Produce a list of arguments, where each argument is a quoted element from the set set. The variant m4_set_listc is unambiguous, by adding a leading comma if there are any set elements, whereas the variant m4_set_list cannot distinguish between an empty set and a set containing only the empty string. These can be directly used in macros that take multiple arguments, such as m4_join or m4_set_add_all, or wrapped by m4_dquote for macros that take a quoted list, such as m4_map or m4_foreach.

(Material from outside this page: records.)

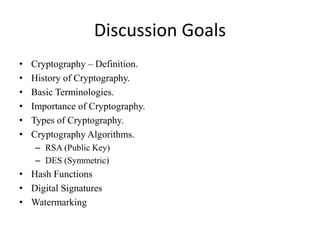 Discussion Goals
• Cryptography – Definition.
• History of Cryptography.
• Basic Terminologies.
• Importance of Cryptography.
• Types of Cryptography.
• Cryptography Algorithms.
– RSA (Public Key)
– DES (Symmetric)
• Hash Functions
• Digital Signatures
• Watermarking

Any memory occupied by removed elements is reclaimed during these macros.

          m4_set_add_all([a], [1], [2], [3])
          =>
          m4_set_list([a])
          =>1,2,3
          m4_set_list([b])
          =>
          m4_set_listc([b])
          =>
          m4_count(m4_set_list([b]))
          =>1
          m4_set_empty([b], [0], [m4_count(m4_set_list([b]))])
          =>0
          m4_set_add([b], [])
          =>
          m4_set_list([b])
          =>
          m4_set_listc([b])
          =>,
          m4_count(m4_set_list([b]))
          =>1
          m4_set_empty([b], [0], [m4_count(m4_set_list([b]))])
          =>1
     
— Macro: m4_set_remove (set, value, [if-present], [if-absent])

If value is an element in the set set, then remove it and expand if-present. Otherwise expand if-absent. This macro operates in constant time so that multiple removals will scale linearly rather than quadratically; but when used outside of m4_set_foreach, it leaves memory occupied until the set is later compacted by m4_set_contents or m4_set_list. Several other set operations are then less efficient between the time of element removal and subsequent memory compaction, but still maintain their guaranteed scaling performance.

— Macro: m4_set_size (set)

Expand to the size of the set set. This implementation operates in constant time, and is thus more efficient than m4_eval(m4_count(m4_set_listc([set])) - 1).